Moelyono mengatakan pasar dari negara-negara tersebut masih sangat potensial. Bahkan dia optimistis berdagang ke Timur Tengah bisa menutup kerugian seandainya ekspor kopi ke Uni Eropa terhambat.
Di sisi lain AEKI bakal beradaptasi untuk menyesuaikan kebijakan Uni Eropa. Saat ini eksportir kopi masih nunggu teknis pelaksanaannya.
"Eropa masih menjadi tujuan ekspor kopi kita. Yang ditunggu adalah bagaimana implementasinya (UU Anti Deforestasi). Apa yang harus dilakukan eksportir," ucap Moelyono.
Sementara itu, Menteri Perdagangan Zulkifli Hasan secara tegas menolak dan melawan UU Anti Deforestasi Uni Eropa. Zulhas, sapaannya, khawatir aturan ini menghambat perdagangan dan merugikan petani-petani Indonesia.
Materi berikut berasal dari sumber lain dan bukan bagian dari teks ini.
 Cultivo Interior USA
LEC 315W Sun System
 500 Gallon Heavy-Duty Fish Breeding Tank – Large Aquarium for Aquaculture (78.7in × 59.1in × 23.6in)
Zulhas menuturkan, UU Anti Deforetasi menghambat perdagangan lantaran selama ini Indonesia mengekspor berbagai komoditas ke Uni Eropa. Mulai dari sawit, kopi, kayu, karet, hingga ternak sapi. Nilai ekspornya pun cukup fantastis.
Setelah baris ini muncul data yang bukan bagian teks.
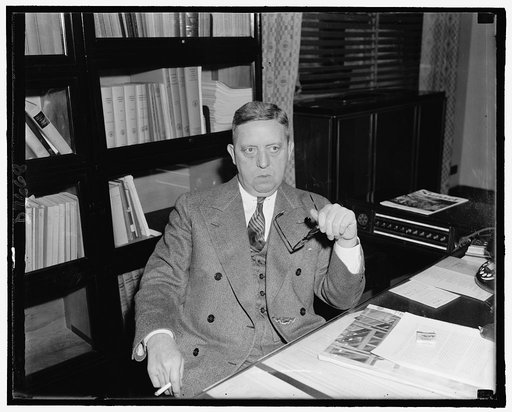 James Webb Young, Director of Bur. of Foreign & Domestic Commerce, US Dept. of Commerce, 10/28/39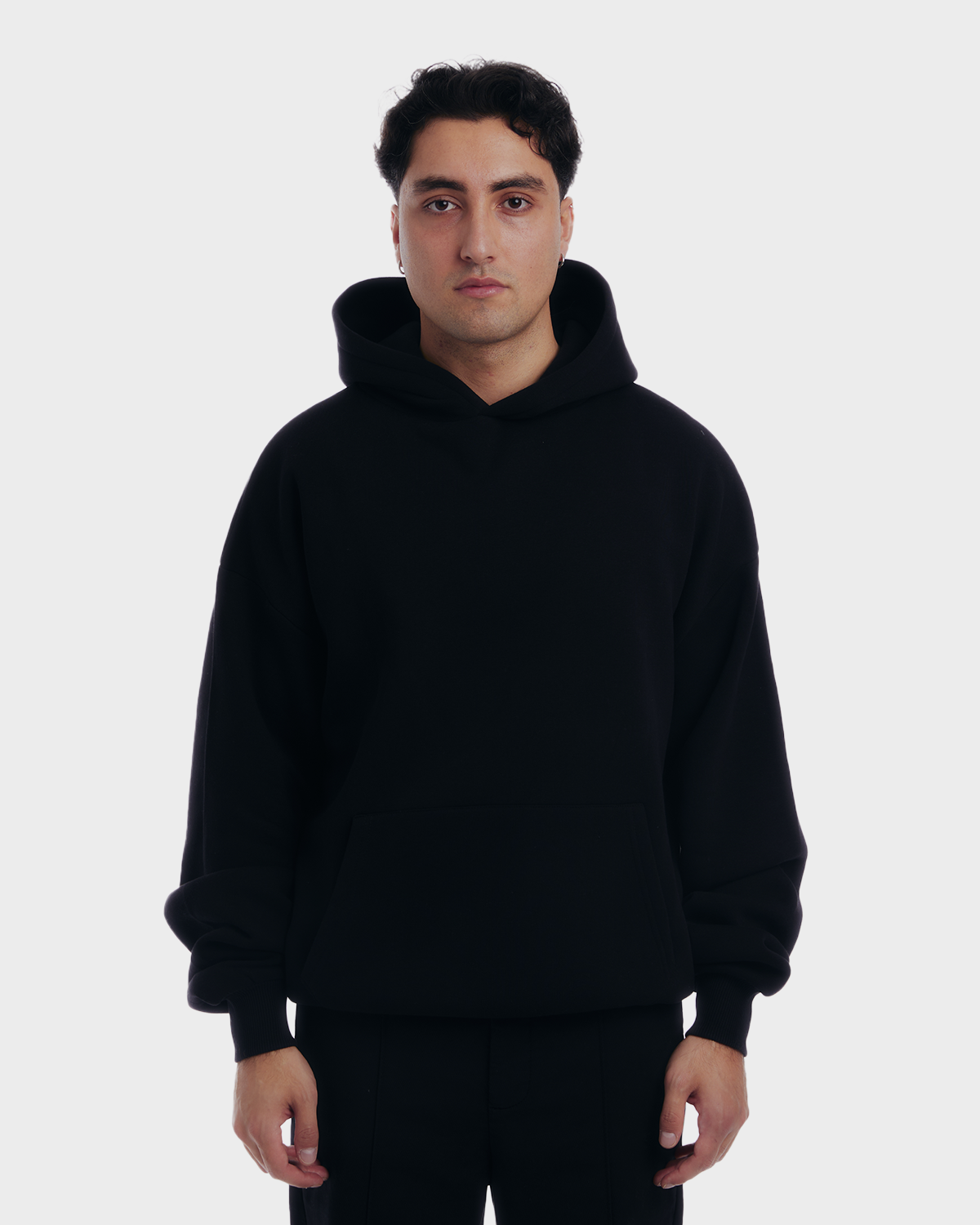 Oversized Hoodie Black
"Ekspor Indonesia ke Eropa tahun 2022 nilainya hamppir US$ 7 juta. Ini meliputi hampir 8 juta petani kecil," tutur Zulhas. "Kami sadari perjuangan ini (penolakan terhadap UU Anti Deforestasi) tidak mudah. Tapi untuk melindungi kepentingan nasional."
Soal potensi diskriminasi, lanjut Zulhas, UU Deforestasi membuat ketentuan atau keriteria-kriteria negara berisiko. Walhasil, jika Indonesia masuk kategori high risk atau berisiko tinggi, Indonesia bisa di-blacklist.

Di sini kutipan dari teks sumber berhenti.